1: use binary index tree to update value

2: make use of this fact that a number will be reduced to 1 (by repetitive square root operation) in around 5-6 max operations
so for an x to y, don’t traverse from x to y, use some branching technique like

take an example… query is 2 to 9 and i know 4,5,6,7 are already reduced to 1…
i’ll execute this query as…
reduce 2 to its square root … what is next of 2… ok 3
reduce 3 to its square root … what is next of 3 which is not 1, ok 8
reduce 8 to its square root … what is next of 8 which is not 1, ok 9
reduce 9 to its square root … i am done with query.

so initial queries will take time but slowly they’ll get reduce.
hope so i explained properly? :confused:
if i didn’t please ask where i was not clear

Enjoy :smiley:

1 Like

Why can’t segment Tree be used here??

well, i am not getting how are you updating a range for an update query…
as in i used lazy propagation in queries like…

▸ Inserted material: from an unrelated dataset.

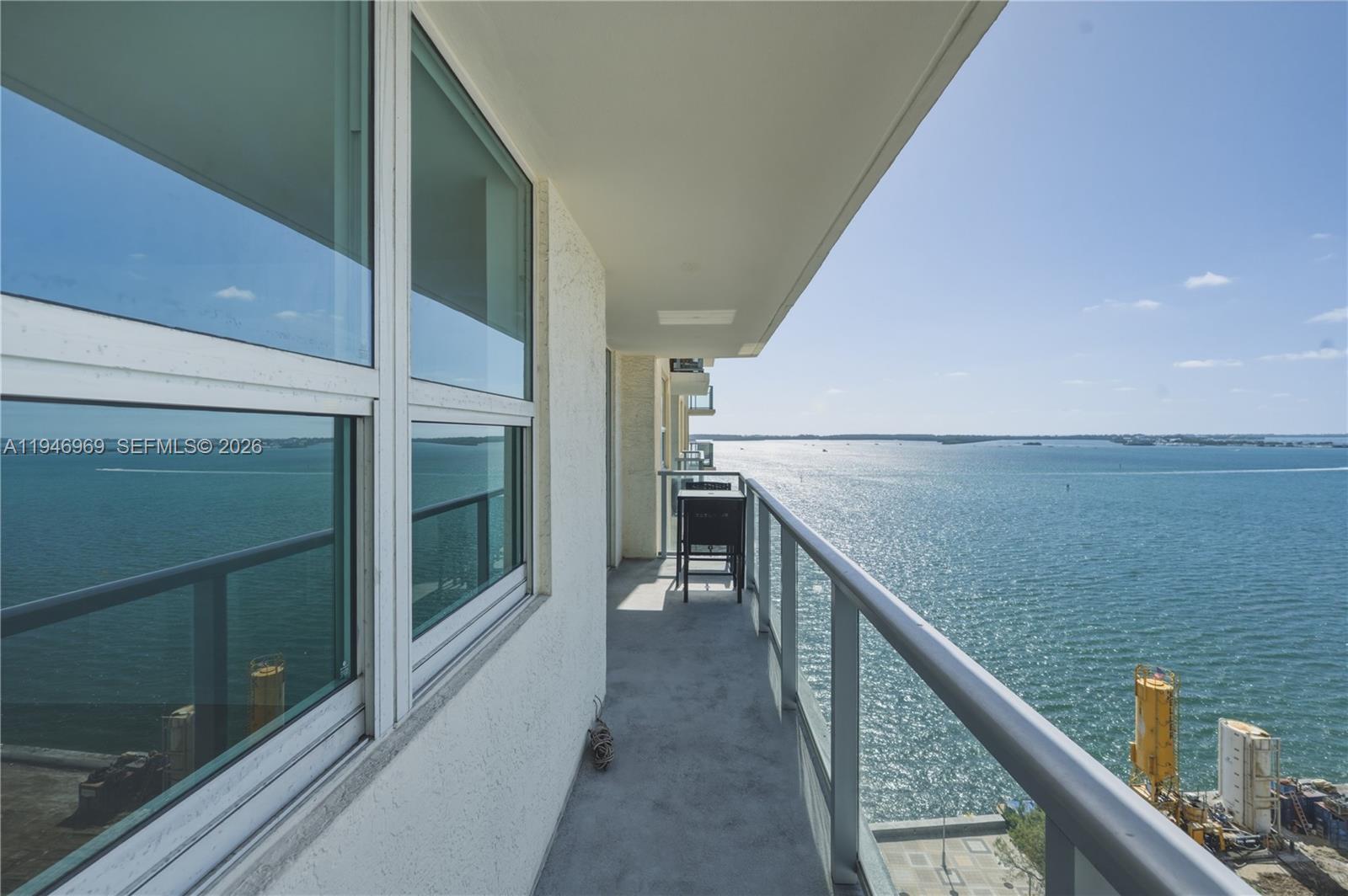 1155 Brickell Bay Dr #1107, Miami FL 33131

i have to set some value for each node… or something ,somewhere i have some pattern

i am not getting how you are updating a range… thats why i used BIT :confused:

well here we can’t use lazy propagation because sqrt(x1+x2)!=sqrt(x1)+sqrt(x2)

yeah… right! , this is what i was saying :smiley:

So, here we can’t use segment tree(no lazy propagation)… did you get AC with BIT??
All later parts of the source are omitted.